The show, which featured sets from the Young Fresh Fellows, Hitchcock, Peter Buck, and various combinations of the above, took place at Seattle's Crocodile Cafe, owned, not coincidentally, by Buck's wife, Stephanie Dorgan. The mess of musicians, which also included Tim Keegan of the English band Homer (a frequent Hitchcock live bandmember), ended up crowding the stage near the end of the show to toss off ragged covers of The Soft Boys' "Give It To the Soft Boys" and Bob Dylan's "Tell Me Momma", as well as a song Hitchcock wrote expressly for the second-annual event, "Viva Sea Tac", an homage to his gathering of good friends, whose name is itself an homage to the Seattle-Tacoma Airport.
The inaugural Sea-Tac show took place in 1994 and featured Hitchcock jamming with the Young Fresh Fellows on an evening's worth of Soft Boys covers.

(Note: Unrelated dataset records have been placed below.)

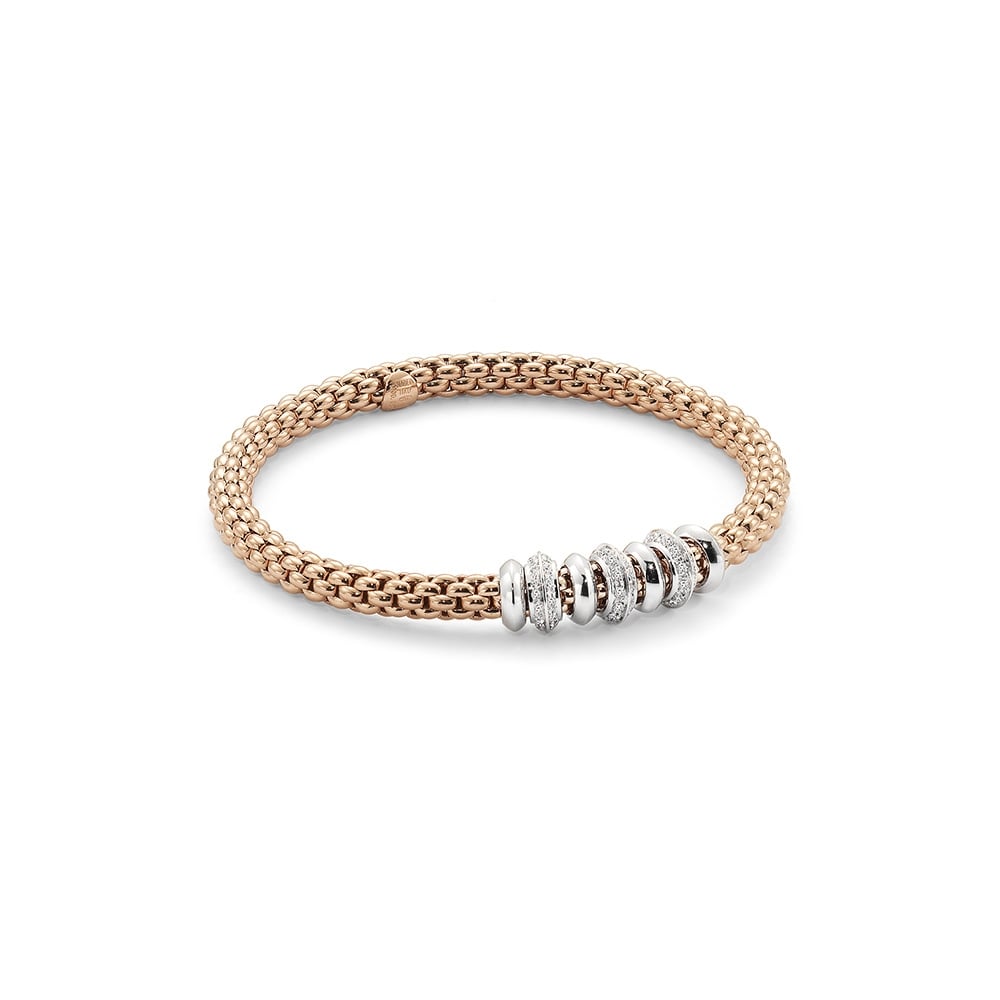 Image 2 for 18k Gold Stretch Fope Bracelet With Diamonds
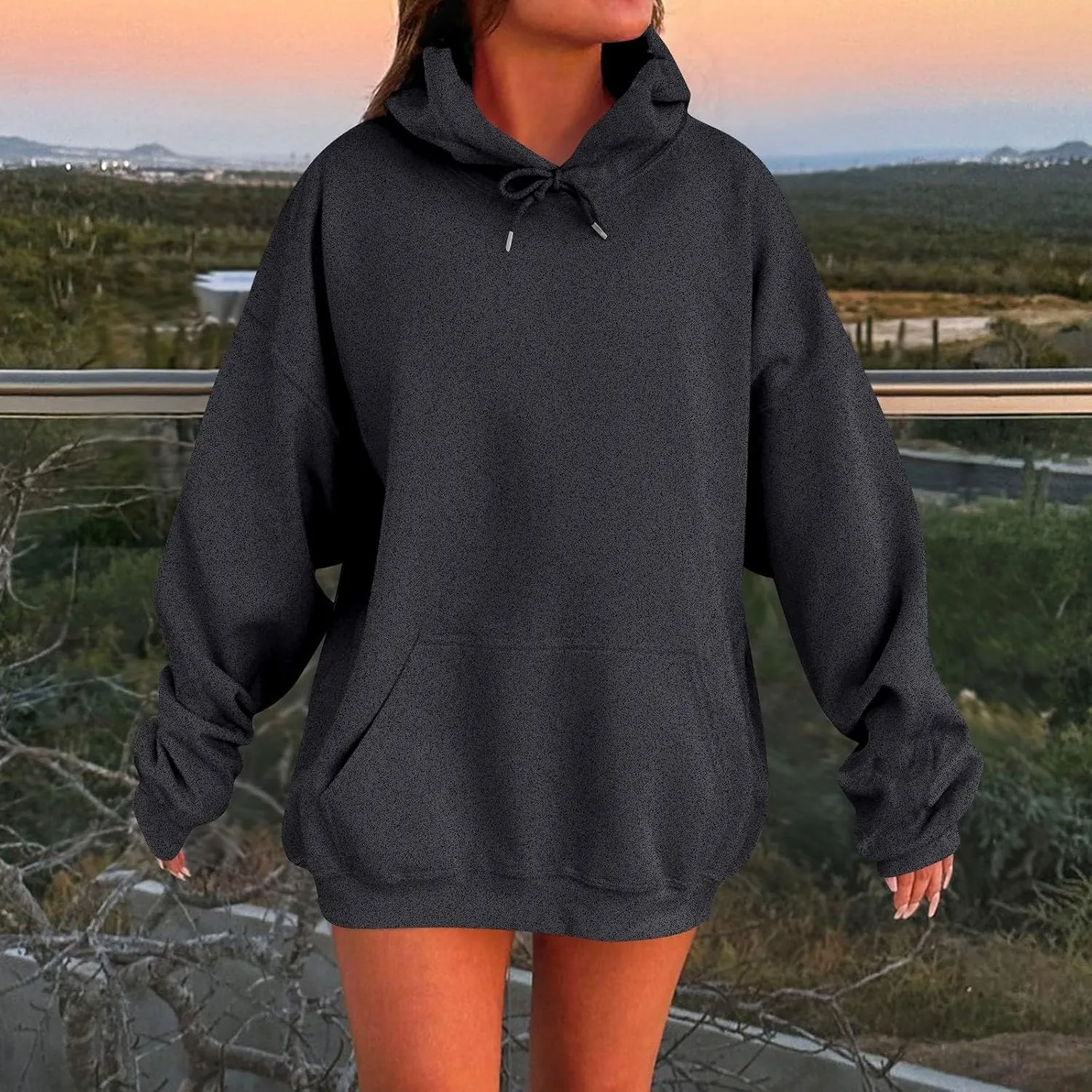 Womens Oversized Hoodies Long Sleeve Fleece Sweatshirts Drop Shoulder Pullover with Pocket 2024 Fall Y2k Clothes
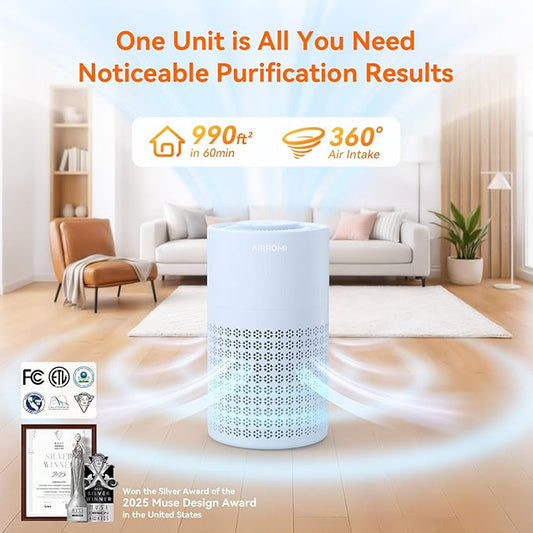 AIRROMI Air Purifier for Bedroom with HEPA 3-in-1 Filter, Pet Air Purifier for Home Cat Pee Smell, Covers Upto 990 Ft², Quiet 360° intake Air Cleaner for pet hair,allergies,Dust,Smoke A2001 Blue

Hitchcock wrapped up his U.S. tour in Seattle on June 9 and spent the rest of the week rehearsing for a recording session with Keegan, Buck, McCaughey, various Young Fresh Fellows, and the Fastbacks' Kurt Bloch. The collective laid down five songs that Hitchcock's Warner Brothers publicist, Rick Gershon, said could end up on "a couple of different albums".
Gershon speculated that a few were certain to crop up on Hitchcock's next studio effort for Warners (following the soundtrack to his upcoming Jonathan Demme (Silence Of The Lambs) -directed concert film, Storefront Hitchcock, due in February '98), which the label doesn't expect before the end of 1998.
"Some of it was also recorded under the name Popsycle Shoppe Incident," said Gershon, referring to the amalgamated group of musicians under the guise of yet another McCaughey side project. Gershon hinted that Popsycle, named after a tune on the most recent Minus 5 album, The Lonesome Death Of Buck McCoy, might make their debut within the next year on an EP from McCaughey's label, Malt Records.
Gershon told Addicted To Noise that Hitchcock has tentative plans to return to Seattle in August and coordinate another "Viva Sea-Tac" show, with the working title, "Viva Sea-Tac 2½", if the various bandmembers can be corralled in time. Hitchcock unveiled a number of new tunes at the Friday night show, including: "Jewels For Sophia", "Elizabeth Jade", and the intriguing-sounding "Gene Hackman".